### BRIEF
Reproduce all the entries exactly and keep the pictures out.
[DATA RECORDS Boundary: Start]
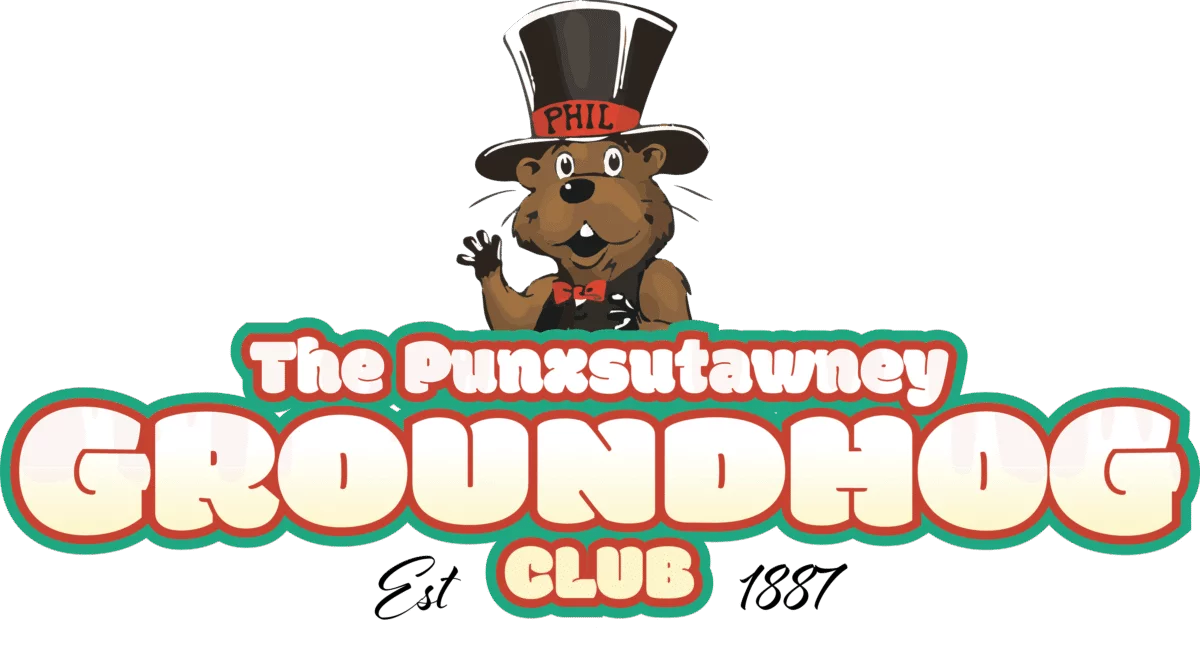 PUNXSUTAWNEY GROUNDHOG CLUB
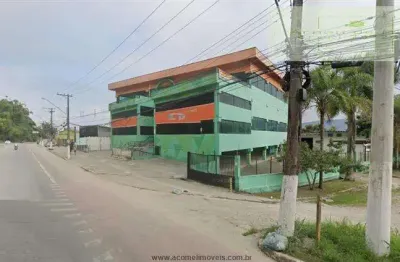 Galpões para venda em guarujá no bairro loteamento joão batista julião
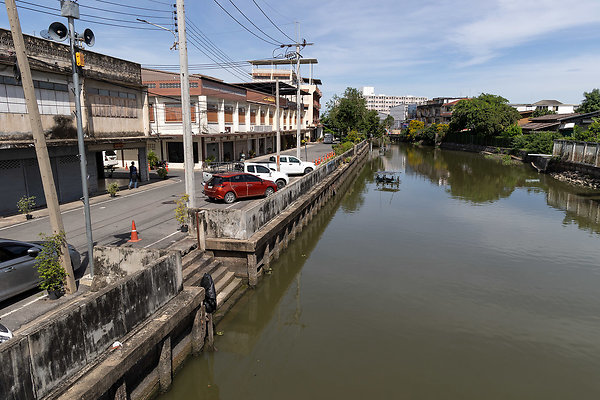 5 BANGKOK
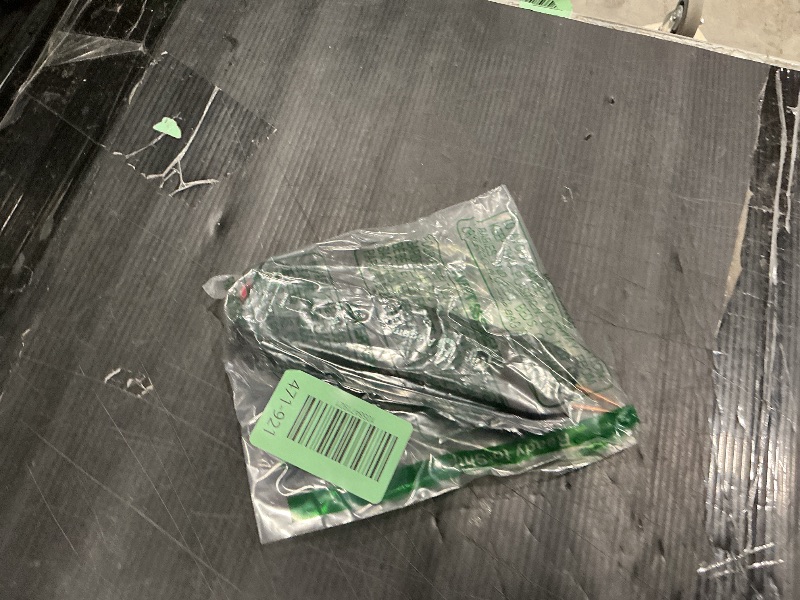 Photo 1 of *MISSING PARTS**
Battery Spot Welder,Awgem Handheld Spot Welder with 11 Gear,Replacement Needles,Auto/Humanized Manual Modes,Portable Spot Welding for 18650/lithium battery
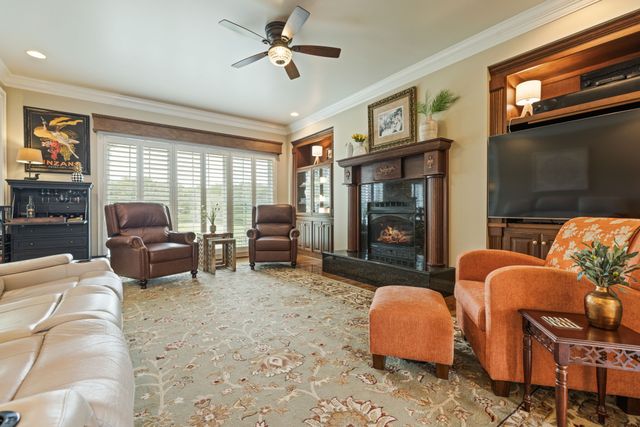 116 Courtside Ln, Tullahoma, TN 37388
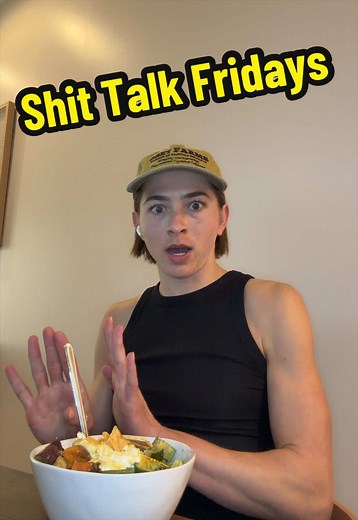 Summer Fridays: Corporate Venting & Doing Two Jobs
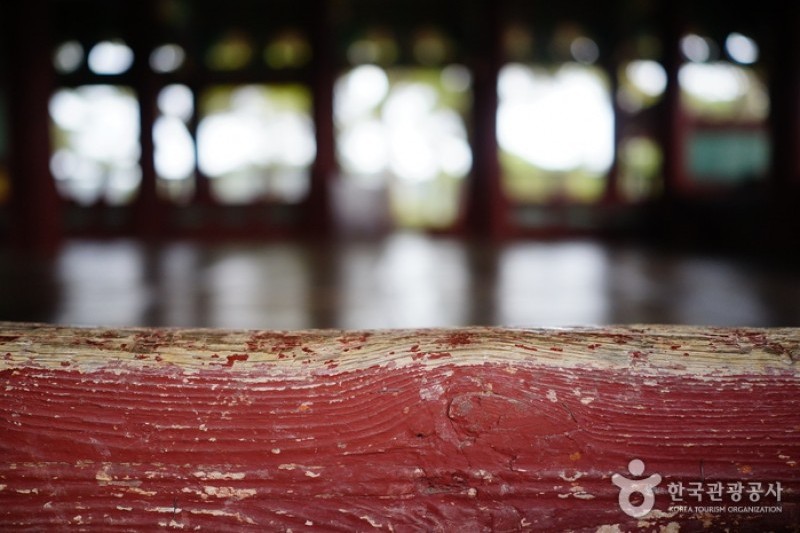 Gyeongpodae Pavilion  (29/31)
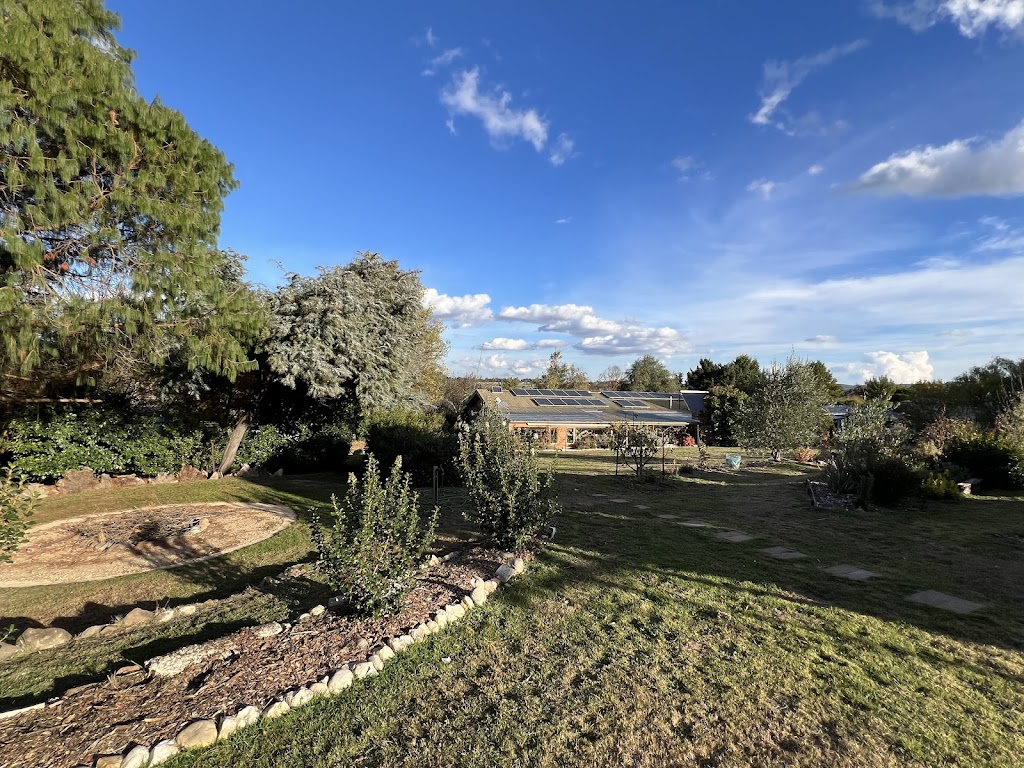 Tara Springs Retreat Centre | 16 Pennos Rd, Taradale VIC 3447, Australia | Phone: 0432 861 548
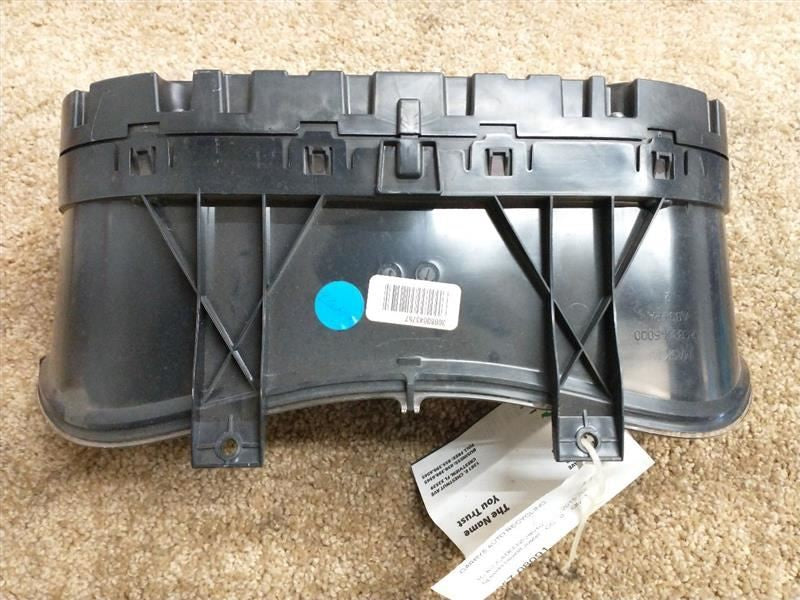 Speedometer Cluster Sedan C 140 MPH 3.5" Display Screen Fits 15 200 246629
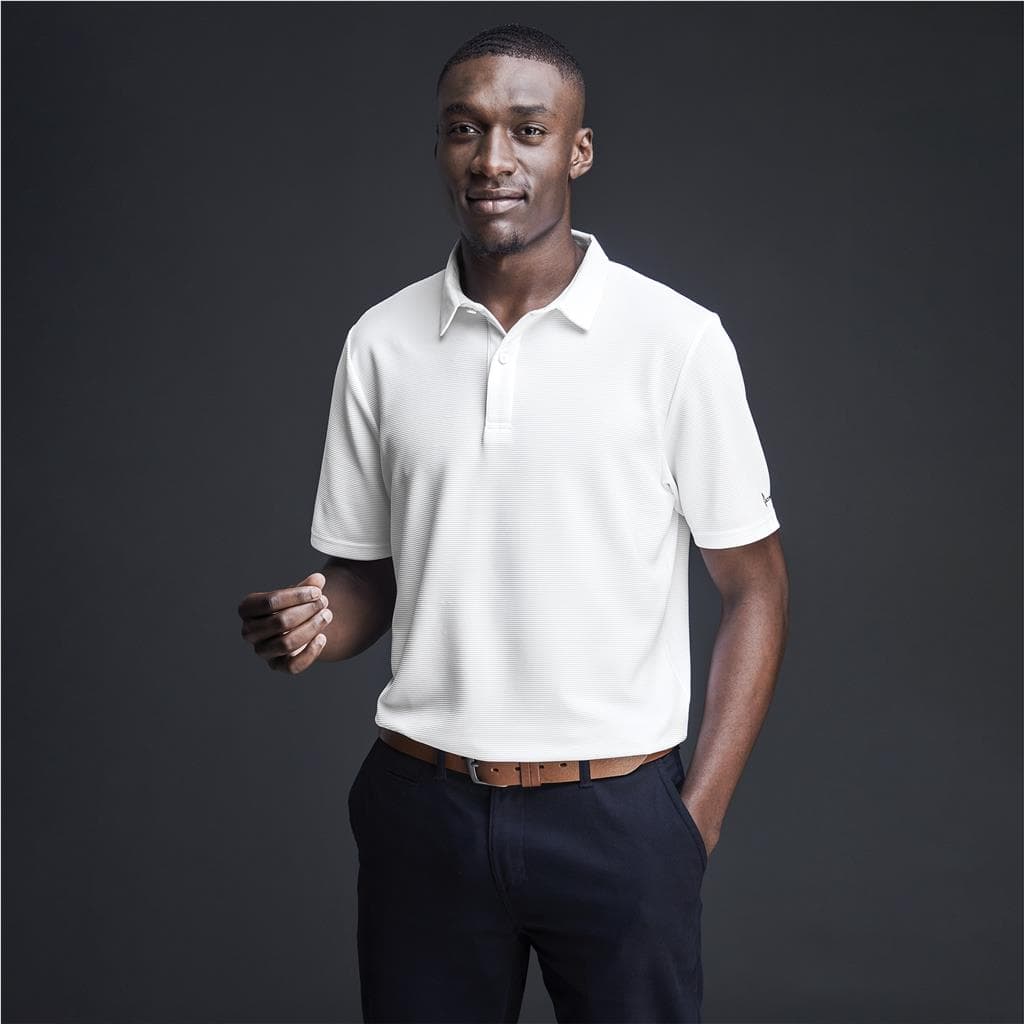 Mens Alex Varga Xenia Golf Shirt 22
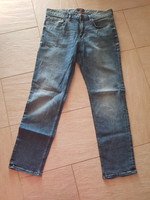 S Oliver scube -relaxed fit férfi farmer nadrág 33 / 32-es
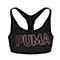 PUMA彪马新款女子PWRSHAPE Forever Pad - Logo跑步训练系列运动背心51600501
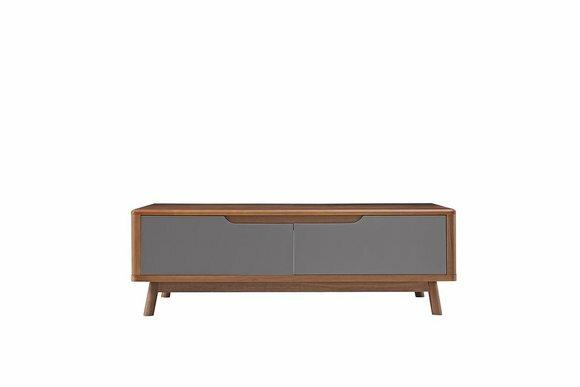 rtv design sideboard matt low kommode neu board wand luxus schrank Neu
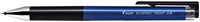 Gelschrijver PILOT Synergy point BLRT-SNP5 F blauw 1 Stuk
[DATA RECORDS Boundary: End]
### ANSWER SPACE
 PUNXSUTAWNEY GROUNDHOG CLUB
 Galpões para venda em guarujá no bairro loteamento joão batista julião
 5 BANGKOK
 Photo 1 of *MISSING PARTS**
Battery Spot Welder,Awgem Handheld Spot Welder with 11 Gear,Replacement Needles,Auto/Humanized Manual Modes,Portable Spot Welding for 18650/lithium battery
 116 Courtside Ln, Tullahoma, TN 37388
 Summer Fridays: Corporate Venting & Doing Two Jobs
 Gyeongpodae Pavilion  (29/31)
 Tara Springs Retreat Centre | 16 Pennos Rd, Taradale VIC 3447, Australia | Phone: 0432 861 548
 Speedometer Cluster Sedan C 140 MPH 3.5" Display Screen Fits 15 200 246629
 Mens Alex Varga Xenia Golf Shirt 22
 S Oliver scube -relaxed fit férfi farmer nadrág 33 / 32-es
 PUMA彪马新款女子PWRSHAPE Forever Pad - Logo跑步训练系列运动背心51600501
 rtv design sideboard matt low kommode neu board wand luxus schrank Neu
 Gelschrijver PILOT Synergy point BLRT-SNP5 F blauw 1 Stuk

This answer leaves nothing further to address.